Eraclito (nato circa tra il 550 e il 500 a.C. ad Efeso) è presentato dalla tradizione come discendente da stirpe reale, aristocratico ed altezzoso, forte oppositore dei valori della democrazia. Le sue convinzioni si possono sintetizzare in due nuclei tematici:
• Il flusso universale: secondo Eraclito, tutto nel mondo è in costante movimento e niente si ferma in uno stato di quiete, per quanto riguarda la vita cittadina (discussioni tra classi sociali diverse), la natura (dove vi è continuo conflitto tra elementi contrari), ma, soprattutto, l’uomo che muta costantemente (l’uomo non potrà mai bagnarsi due volte in un fiume perché la seconda volta sarà un uomo diverso → “pànta rèi”). La sostanza in continua trasformazione è il fuoco, mutevole e distruttrice per eccellenza.
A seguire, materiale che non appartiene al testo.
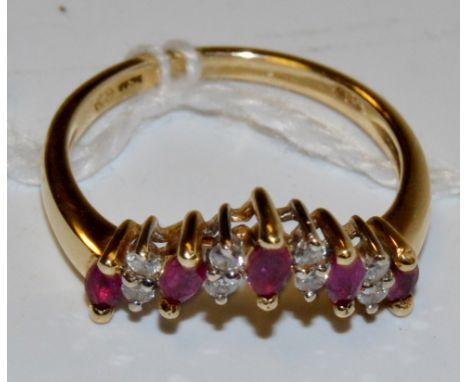 A diamond and ruby ring, wishbone crest, encrusted with alternating oval ruby's and pairs of diamond accents, stamped 585, ye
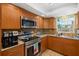 Well-lit kitchen with stainless steel appliances, light brown cabinetry, and tile flooring at 4279 Harbor Blvd, Port Charlotte, FL 33952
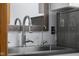 Close up on the Laundry Sink with mirror and chrome faucet at 6043 Acorn Dr, Columbus, IN 47201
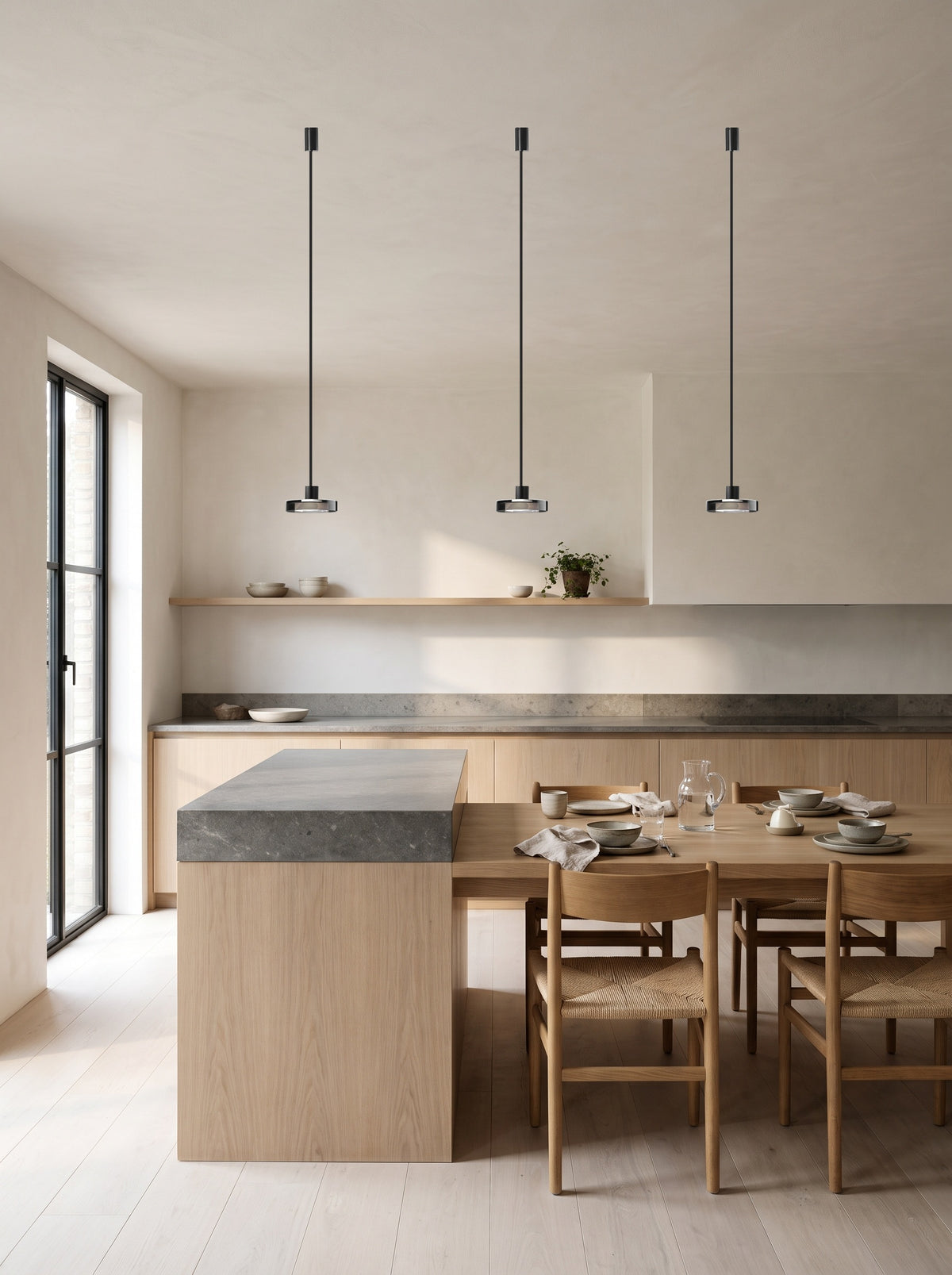 Three smoke grey glass pendant lights in a row above a kitchen island and dining table in a daylit oak kitchen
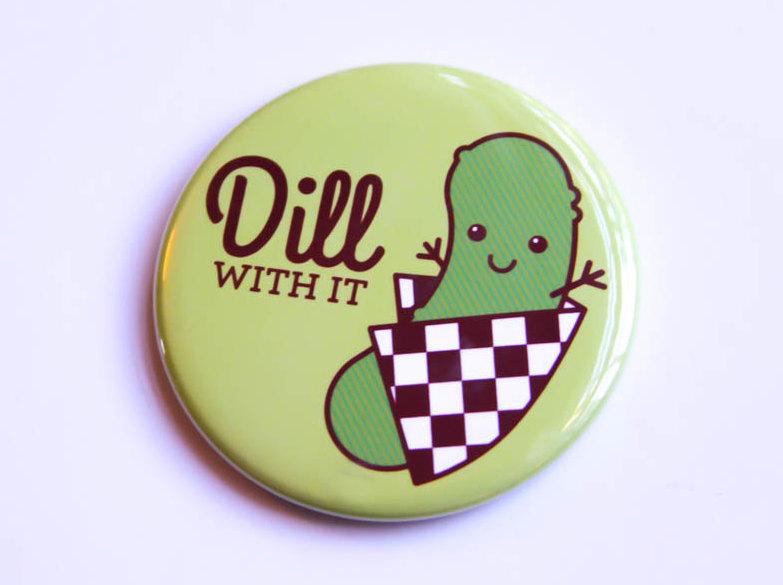 A cheerful 'Dill With It!' pickle magnet and pin featuring a happy pickle character and vibrant colors.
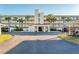 Spacious condo building featuring a grand entrance, covered parking, and tropical landscaping with swaying palm trees at 934 Wexford Blvd # 934, Venice, FL 34293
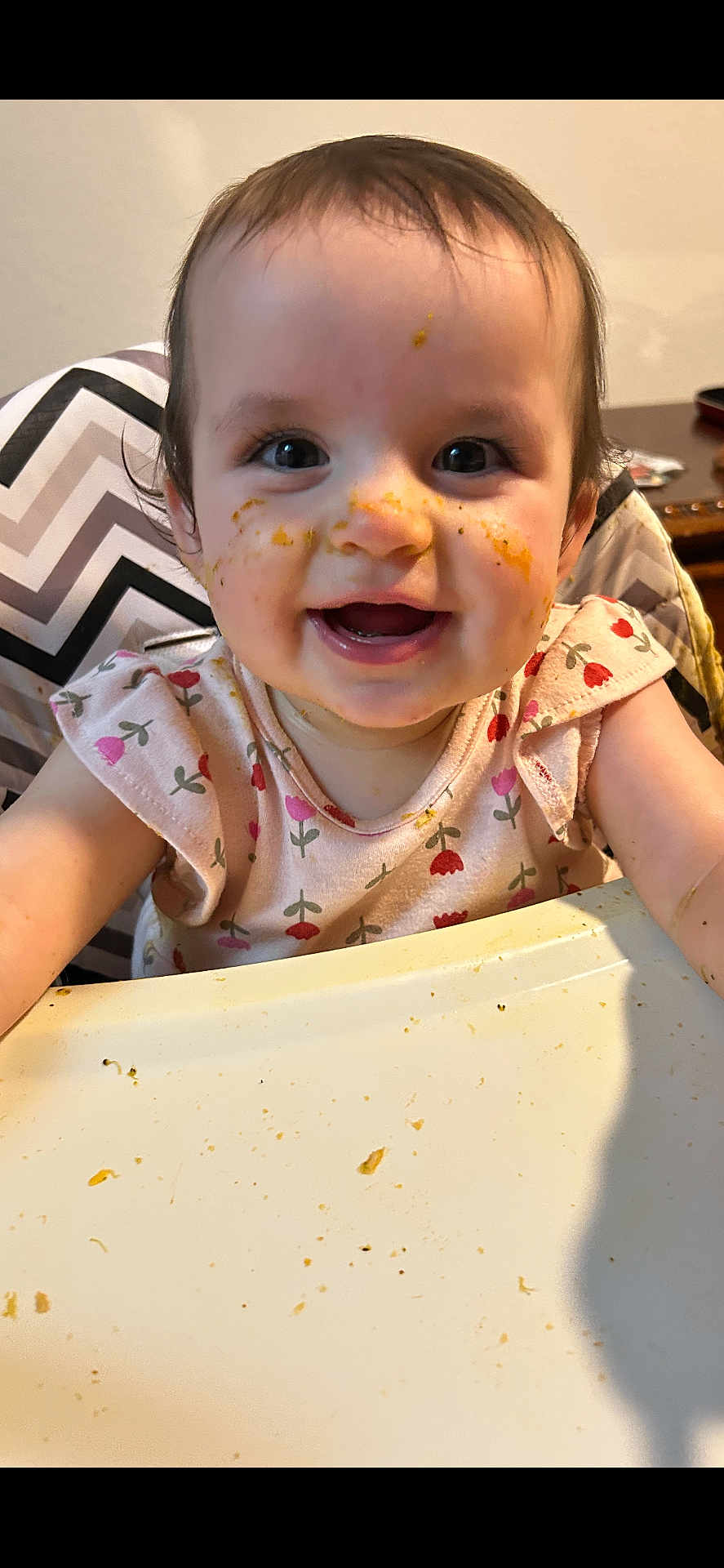Elizabeth joined the competition — help win amazing prizes! baby, child, high_chair, messy_face, food, smiling, happy, indoor, cute, clothing, table, feeding, face, person, toddler, meal, expression, cheerful, pink, patterned_clothing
• Il lògos e la legge dei contrari: Eraclito sostiene che l’ordine razionale delle cose è visibile solo agli uomini “saggi”, e non ai “dormienti”. Questo perché è necessario il lògos, la ragione, per riuscire a cogliere le relazioni vincolanti tra gli elementi contrari, l’interdipendenza degli opposti. Gli Eraclitei sono i compagni della scuola di pensiero di Eraclito, sorta ad Efeso, città originaria del filosofo. Egli, insieme a Senofane (nato probabilmente tra il 580 e il 565 a.C. a Colofone), critica la religione popolare, cioè i sacrifici e i riti, e rappresenta la prima opposizione alla mitologia passata e l’approvazione al sapere rivoluzionario del futuro.

Gli Eleati

Gli Eleati sono i seguaci della scuola di pensiero di Parmenide, nato attorno al 515-510 a.C. a Elea, da una famiglia aristocratica. Il pensiero del filosofo è molto influenzato da credenze religiose, ma i messaggi rimangono caratterizzati da argomentazioni filosofiche e razionali. I maggiori esponenti del pensiero della scuola di Elea sono:
• Parmenide: dichiara che bisogna seguire la via della ragione che conduce alla verità, cioè che il “non essere” non è e non può essere pensato mentre “l’essere” è ed è immutabile e immobile, ingenerato ed imperituro, unico, eterno e finito. Inoltre, sostiene che bisogna abbandonare il mondo dei sensi e delle opinioni;
• Zenone (nato nel 489 a.C. ad Elea) difende la tesi del maestro e argomentando che chi si fosse opposto a ciò, sarebbe caduto in una serie di contraddizioni (tecnica della riduzione all’assurdo delle opinioni altrui, cercando di smentirle). Sostiene, quindi, che l’essere sia unico, cioè un’opposizione all’essere molteplice di Pitagora, ed immutabile, cioè un’opposizione all’essere in movimento di Eraclito.